La régénération du pin a l'encens

La Station d'expériences forestières du sud-est rassemble actuellement les faits fondamentaux relatifs à la régénération du pin à l'encens. Une documentation a été réunie en ce qui concerne la production des graines, leur dispersion, les exigences pédologiques des semis, et les recherches en ce domaine tendent à obtenir la régénération du pin pendant ou avant l'exploitation, du fait que les rejets des feuillus garnissent fréquemment les trouées dans l'espace d'une seule année.

Etudes sur les graines

Les relevés des capteurs de graines font ressortir une variation annuelle considérable dans la production annuelle de graines du pin à l'encens. Les mêmes porte-graines d'âge moyen qui, lors d'une bonne année, ont produit de 9.000 à 15.000 graines saines, en produisent moins de 600 en mauvaise année. D'une manière assez uniforme à travers toute l'aire du pin à l'encens, il se produit une forte récolte à des intervalles irréguliers de un à cinq ans. Des relevés fournis par un seul peuplement ont montré qu'environ 50 pour cent des graines étaient vaines lorsque la production atteignait 200.000 par acre (500.000 à l'ha) mais que cette proportion n'atteignait que 25 pour cent lorsque le peuplement produisait 500.000 graines par acre (1.250.000 à l'ha). On a aussi constaté que la perte de graines due aux insectes est proportionnellement beaucoup plus grande en année pauvre qu'en bonne année.

Les feuillus en sous-étage dans les peuplements de pin à l'encens de la plaine côtière sont une menace constante sur le maintien de la production de pins. Cette photographie d'un peuplement typique peut donner une idée de la densité du sous-étage feuillu.

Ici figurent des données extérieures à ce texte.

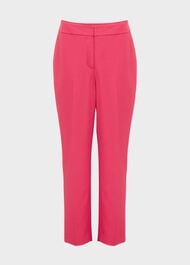 Kaia Slim Pants, Geranium Pink, hi-res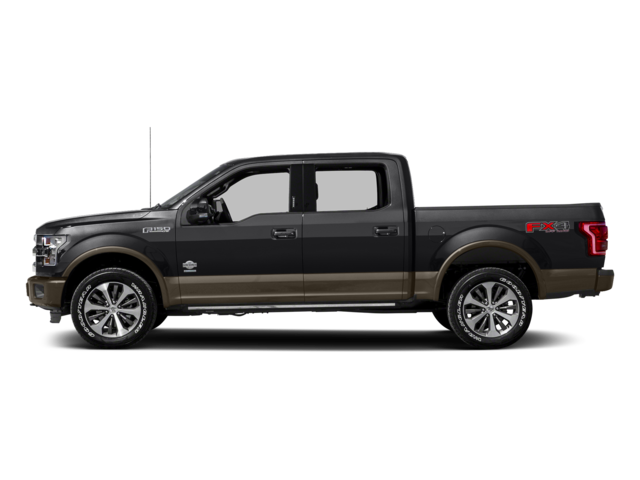 2017 Ford F-150 King Ranch 4WD SuperCrew 5.5' Box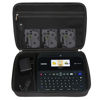 Picture of Aproca Hard Storage Travel Case, for Brother P-touch PTD600 / PT- D610BT Label Maker PC-Connectable Labeler (Black-New Version)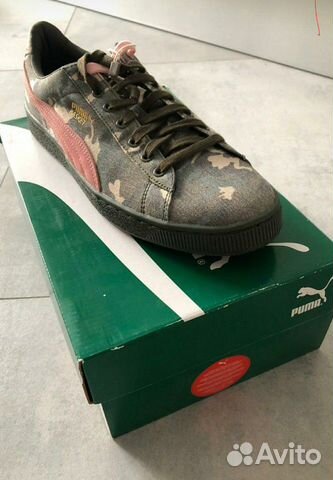 Кроссовки (кеды) puma 44-45раз оригинал Кроссовки (кеды) puma 44-45раз оригинал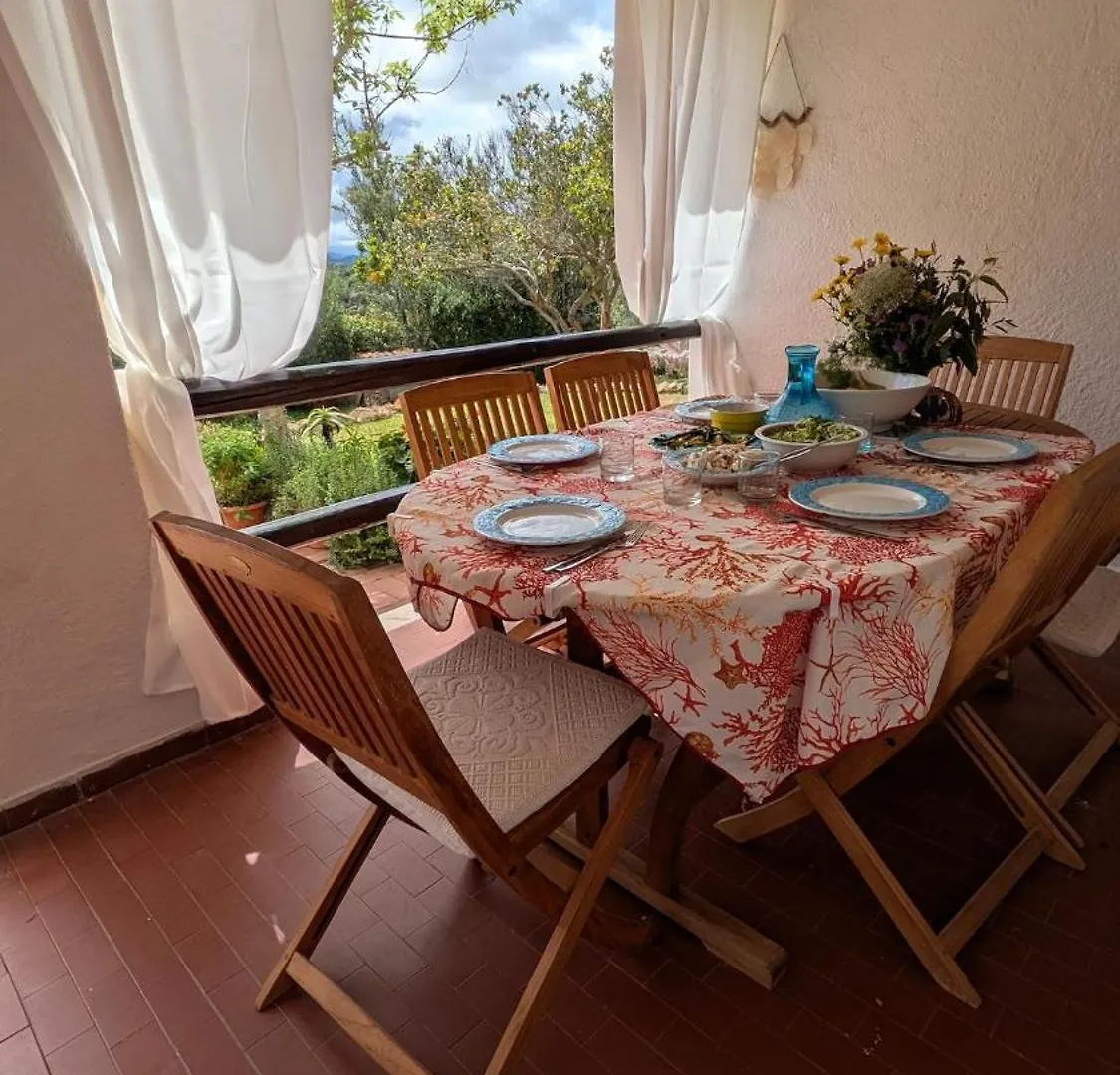 Villetta La Casa Vecchia Baja Sardinia Cala Bitta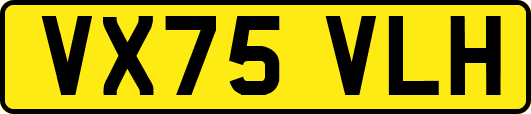 VX75VLH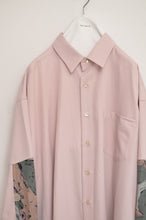 Load image into Gallery viewer, FLORAL BIG SHIRTS_PNK
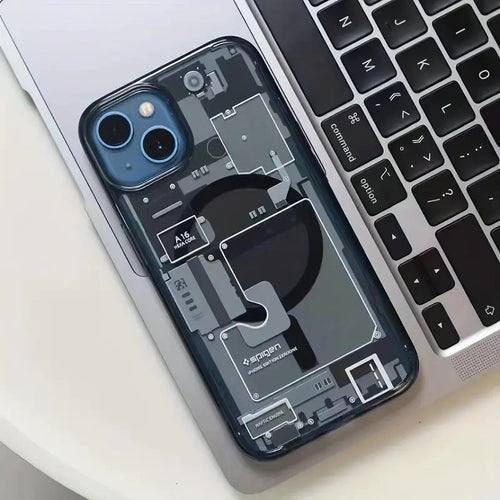 Transparent Acrylic Magnetic Phone Case for iPhone 14 Pro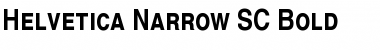 Helvetica Narrow SC Font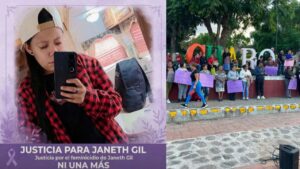 Investigan muerte de Janeth en Michoacán; habitantes de Charo exigen justicia Investigan muerte de Janeth en Michoacán; habitantes de Charo exigen justicia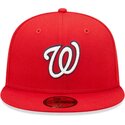 mutzen-flach-rot-angepasst-59fifty-ac-perf-der-washington-nationals-mlb-von-new-era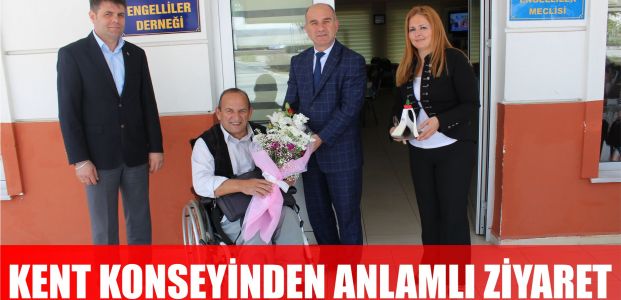 Körfez Kent Konseyinden Anlamlı Ziyaret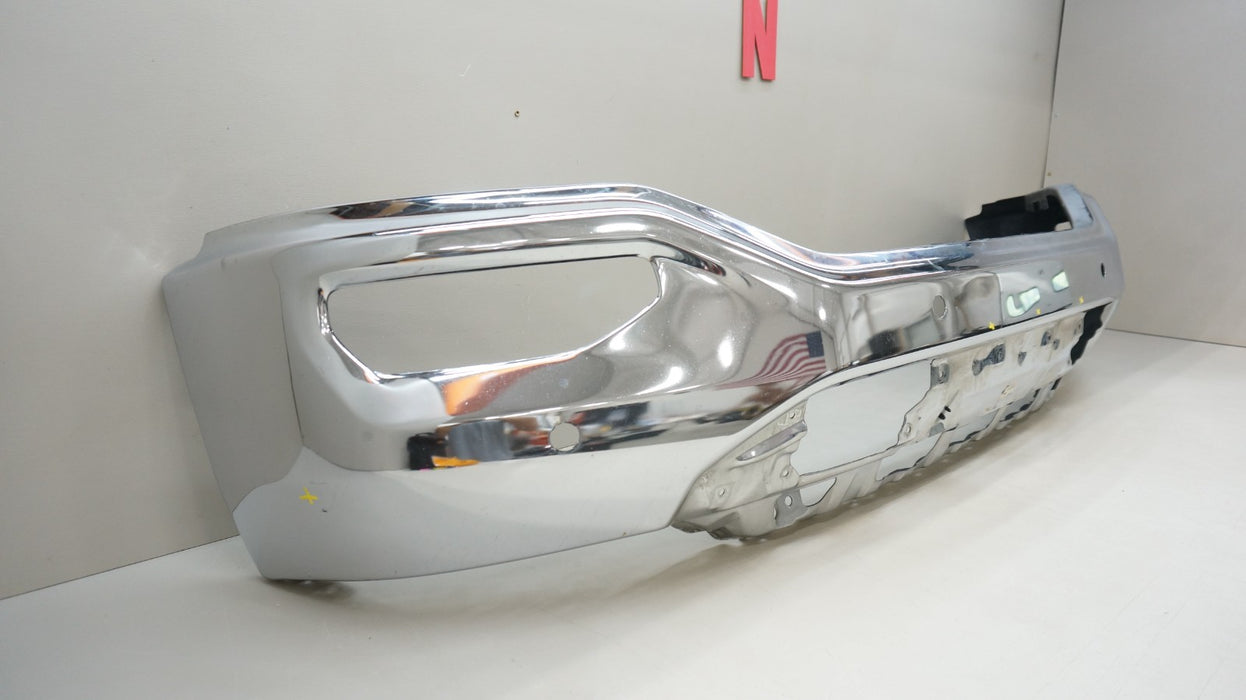 2016-2018 GMC SIERRA 1500 FRONT METAL BUMPER COVER PANEL OEM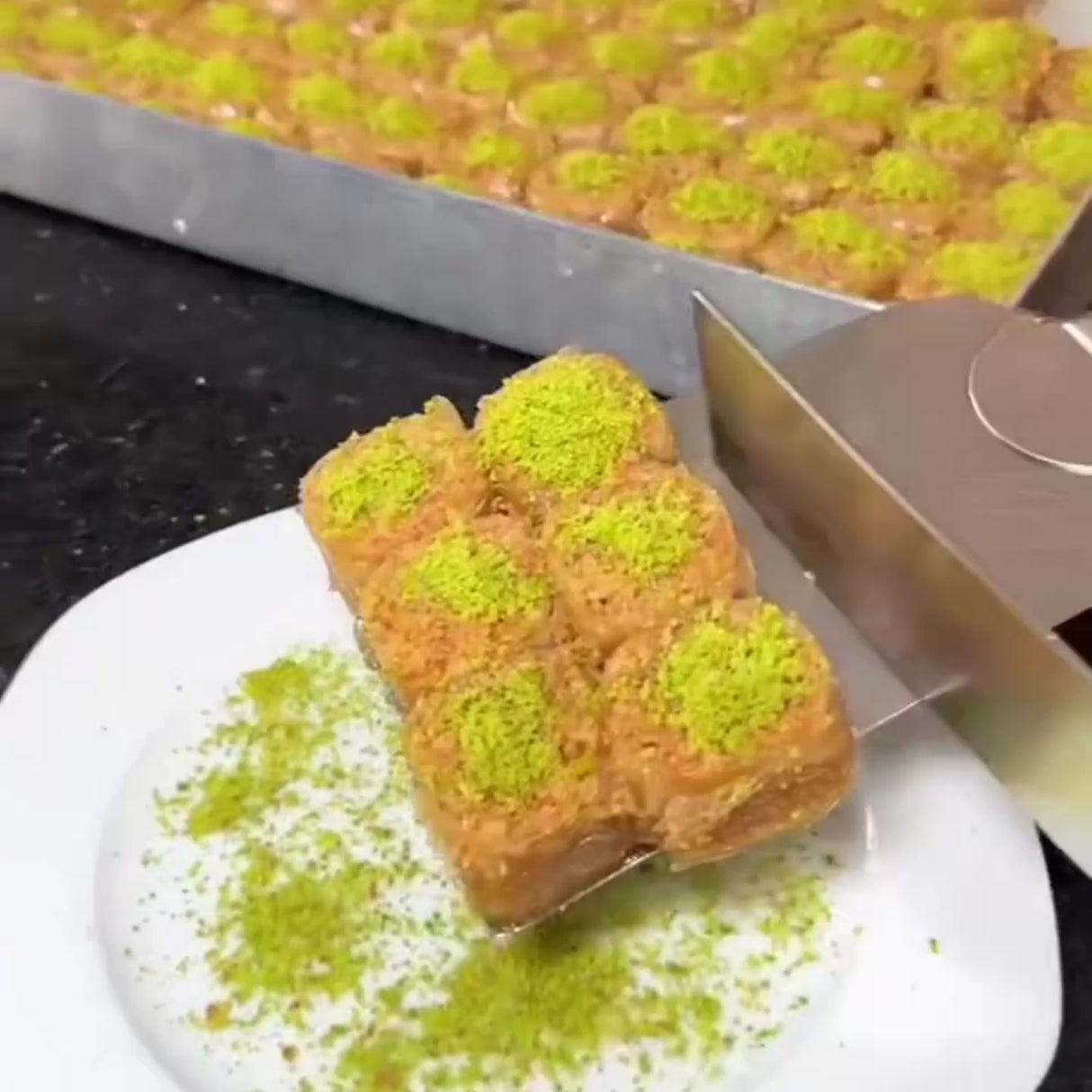Karakoy Gulluoglu | Turkish Palace Wrap with Walnuts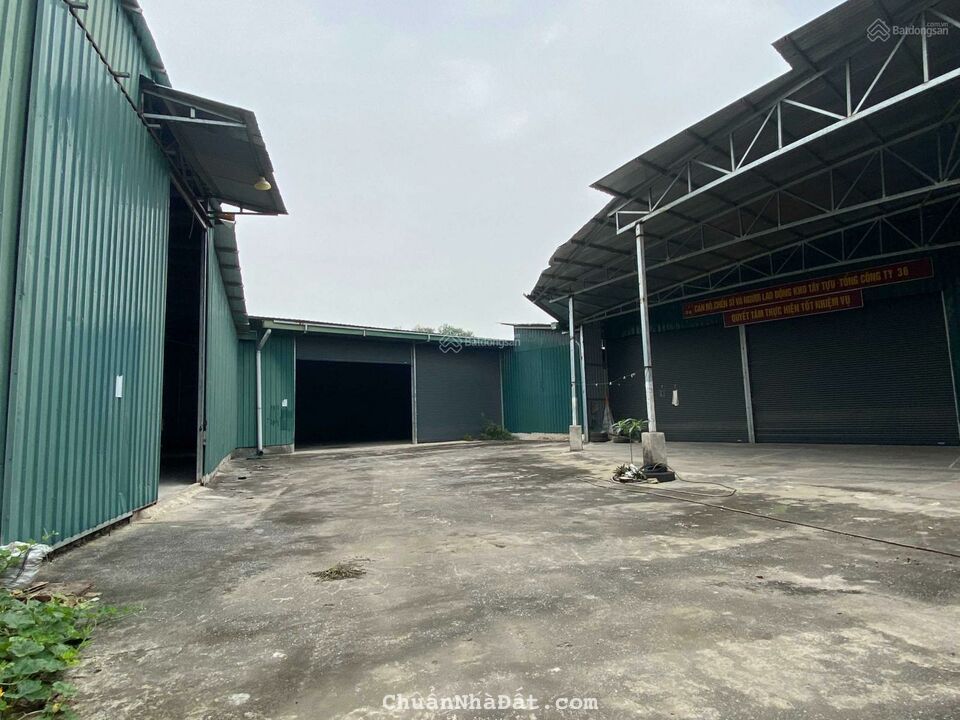 CHÍNH CHỦ CHO THUÊ KHO 1500M2 TẠI TÂY TỰU, BẮC TỪ LIÊM, HÀ NỘI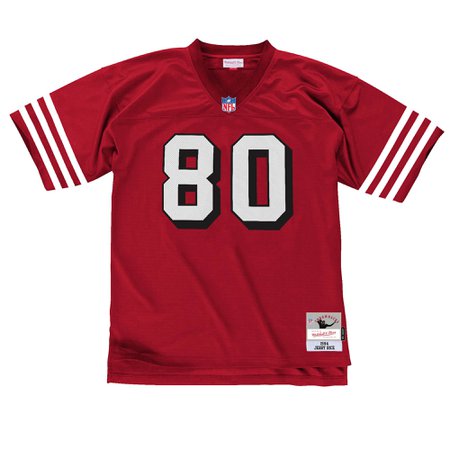 Jerry Rice San Francisco 49ers NFL Legacy Jersey – Nesshk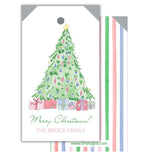 Christmas Tree {hangtag}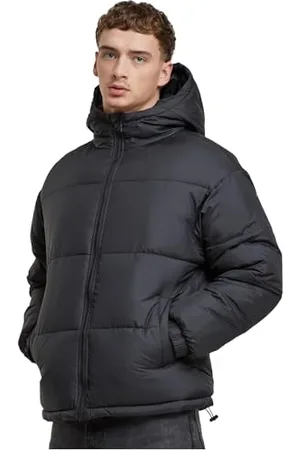 Urban classics Herren Tb7257-basic Puffer Jacket With Hood Winterjacken, , M EU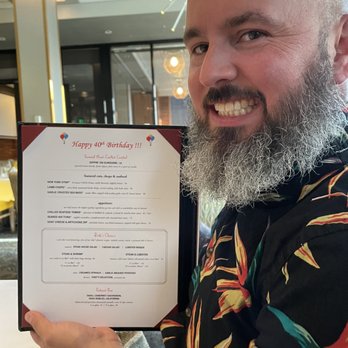 Ruth's Chris Steak House - Birthday boy!!! - Steakhouses Near Me - Long Beach, California Ruth's Chris Steak House - Birthday boy!!! - Steakhouses Near Me - Long Beach, California
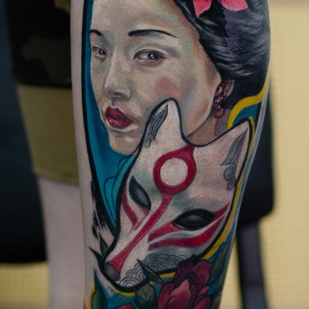 tattoo #53529 | Tattoo Artist Anny Lorylin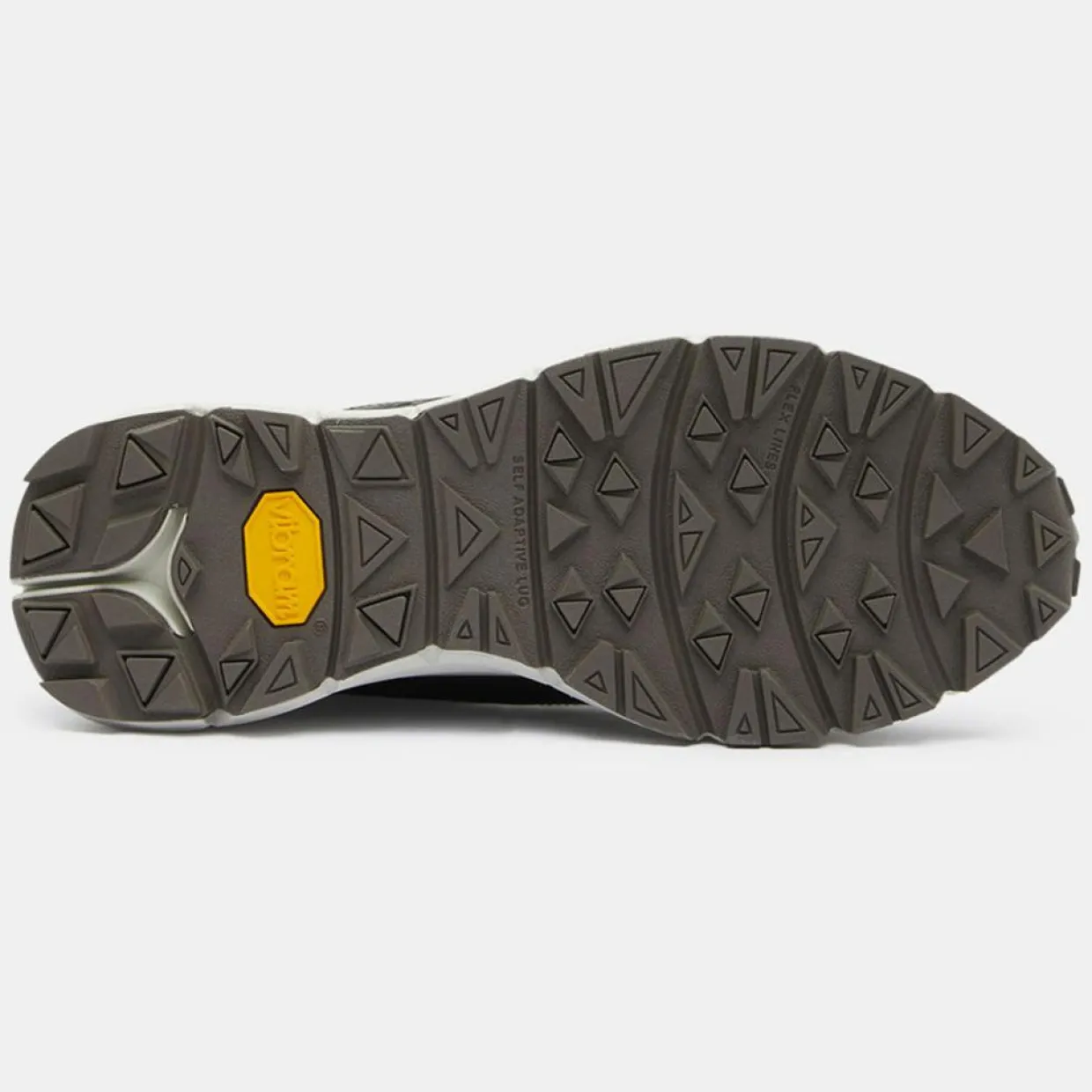 Homme Zespa Baskets^Running Zsptrail Outdoor noir/gris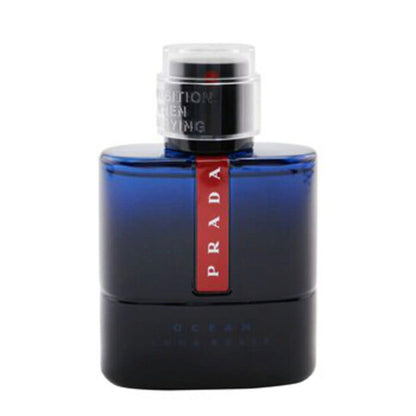 Luna Rossa Ocean by Prada Eau de Toilette Spray for Men 3.3 Oz – Fresh Aquatic Woody Luxury Cologne
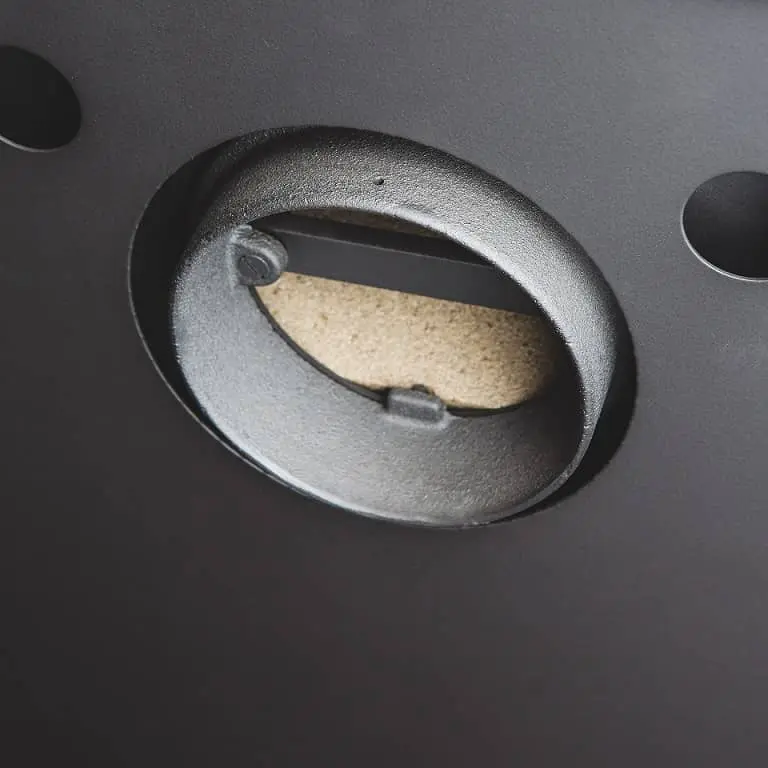 Anschluss oben oder unten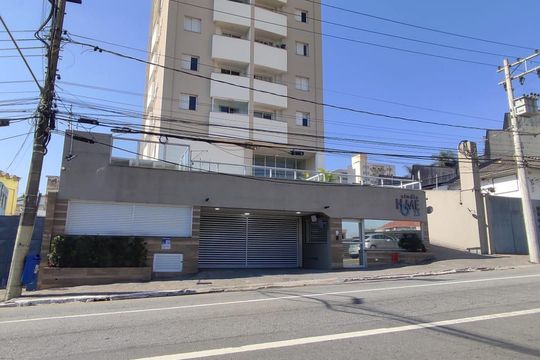 Fachada de apartamento à venda com 1 quarto, 44m² em Santa Paula, São Caetano do Sul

Prévision des bonnes année de semences

Le stade suivant était de trouver un moyen pour prévoir les bonnes années de semence afin de permettre aux forestiers de mettre a profit une abondante production de graines en établissant l'assiette des coupes. Divers moyens pour prévoir l'importance de la prochaine récolte de graines plusieurs mois avant leur dissémination ont été expérimentés dans de nombreuses associations de conifères. Dans le cas du pin à l'encens une méthode de «rations» de cônes s'est montrée assez sûre pour une prévision à six mois d'échéance; la prévision s'effectue par comptage des cônes sur une section de 3 feet (90 cm) prise à partir de la cime d'arbres portant des cônes. Il y a trois catégories de cônes sur chaque arbre: les vieux cônes vides qui ont émis leurs graines l'année précédente, les cônes verts qui fourniront la récolte de l'année et de petits cônes immatures qui ne mûriront que l'année suivante. Un «indice de cônes» s'obtient en divisant le nombre de ceux qui mûriront dans l'année par le nombre des cônes ayant libéré leurs graines l'année précédente. Cet indice indique l'importance relative des deux récoltes. Cette technique, utilisée 12 mois avant la dissémination, s'est révélée sûre pour des essais limités, mais les prévisions à plus longue échéance sont incertaines du fait que de nombreux petits cônes immatures n'achèvent pas leur développement.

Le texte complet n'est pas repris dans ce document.